Por João Peres, Rede Brasil Atual
São Paulo - O Subcomitê da Organização das Nações Unidas (ONU) para a Prevenção da Tortura quer que o Brasil dê um passo adiante firmando um novo compromisso no combate ao histórico problema. Em solo brasileiro desde segunda-feira (19), os oito estudiosos do tema já visitaram unidades de privação de liberdade em São Paulo e em Goiás.
“Ter a ilusão de que eles vão erradicar a tortura é ingênuo. O certo é que se trata de um marco no processo histórico de eliminação da violência institucional contra os mais pobres”, afirma José de Jesus Filho, assessor jurídico da Pastoral Carcerária e membro do Comitê Nacional de Prevenção e Combate à Tortura.
Em Brasília, o grupo reuniu-se com representantes da Procuradoria Geral da Pública, da Defensoria Pública da União, do Conselho Nacional de Justiça e da Casa Civil, além de ter mantido um encontro com o ministro da Justiça, José Eduardo Cardozo. À ministra Maria do Rosário, da Secretaria de Direitos Humanos da Presidência da República, o grupo manifestou o desejo de que o Brasil finalmente implemente o Mecanismo Nacional de Combate à Tortura.
“Estamos trabalhando para que ela (Dilma) assine a criação do mecanismo antes mesmo de vocês deixarem o Brasil”, respondeu a ministra. “Após a criação deste instrumento nacional, vamos iniciar uma força-tarefa para fazer com que sejam instituídos os mecanismos estaduais, a exemplo do que está sendo criado no estado do Rio de Janeiro.”
A visita do subcomitê se encerra no dia 30, quando deve haver nova reunião com representantes do governo federal. Até lá, espera-se que os inspetores passem ainda por presídios, delegacias, instituições de assistência social, unidades de internação para adolescentes e centros de detenção no Distrito Federal, no Espírito Santo, em Minas Gerais e no Rio de Janeiro. A agenda pode incluir outros estados e os pontos de visitação não são divulgados previamente para não dar a chance de que seja feita uma “maquiagem” a fim de ocultar violações de direitos humanos.
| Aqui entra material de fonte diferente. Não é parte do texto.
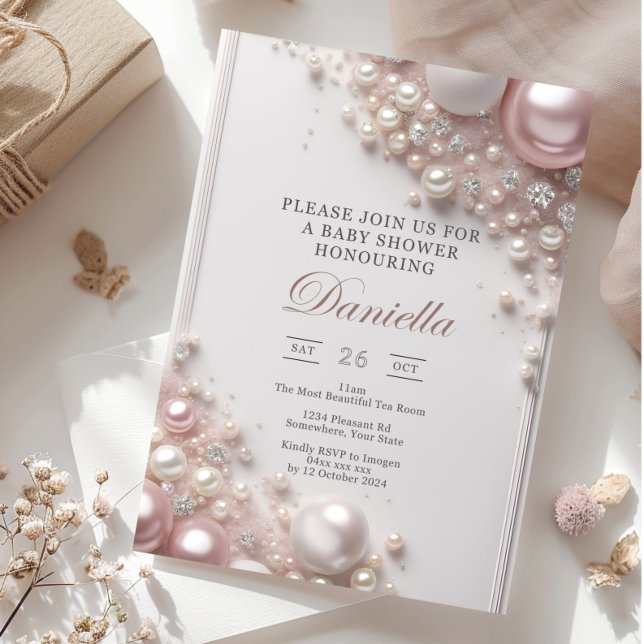 Elegant Editable Pink and White Pearls with Diamon Invitation (Creator Uploaded)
Os locais inspecionados, por sinal, só serão dados a conhecer por decisão do governo brasileiro, já que o relatório final é enviado em sigilo pela ONU ao Palácio do Planalto. “Esperamos que os relatórios e sugestões que serão apresentados pelo subcomitê nos auxiliem na superação desses desafios”, afirmou Aldo Zaiden, coordenador-geral de Saúde Mental e Combate à Tortura da Secretaria de Direitos Humanos.
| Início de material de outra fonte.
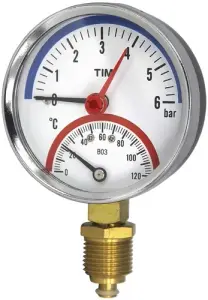 Термоманометр аксиальный (D80мм) TIM 1/2" -10 бар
Apesar das promessas de que se avançará no tema, as organizações da sociedade civil preferem esperar para saber se a manifestação favorável do governo será levada a cabo. Aguarda-se há quase uma década pela implementação do Mecanismo de Combate à Tortura. Trata-se de um pacote de medidas apresentadas após a visita, no primeiro semestre de 2000, do então relator da ONU contra a Tortura, Nigel Rodley. O Relatório Rodley, tornado público em 2001, mostrou um quadro sistemático de violações nos centros de detenção brasileiros.
O governo de Fernando Henrique Cardoso acatou uma série de sugestões, mas não as levou adiante. Durante o governo de Luiz Inácio Lula da Silva não houve a implementação do mecanismo, apesar de avanços em alguns pontos, entre eles a criação do serviço de denúncias do Disque Direitos Humanos.
Há três pontos centrais nos quais se entende que o Brasil poderia avançar. Uma das questões é separar os serviços de laudo sobre tortura das corporações policiais, garantindo que o encarcerado seja submetido a um exame isento que não sirva a ocultar as violações. Além disso, avalia-se que as ouvidorias policiais nos estados não têm independência, o que faz com que não consigam levar adiante os trabalhos de apuração. Outra questão é criar um controle externo efetivo à atuação das polícias.
“Se tivéssemos seguido essas recomendações, estaríamos em uma situação melhor”, avalia José de Jesus Filho. Ele acrescenta que a tolerância da sociedade com a tortura é um entrave para aprofundar o debate e forçar a adoção de medidas efetivas. “Temos um problema muito sério de uma tradição autoritária. Romper essa tradição não depende da presença da ONU aqui. Depende de uma luta histórica de transformação social.”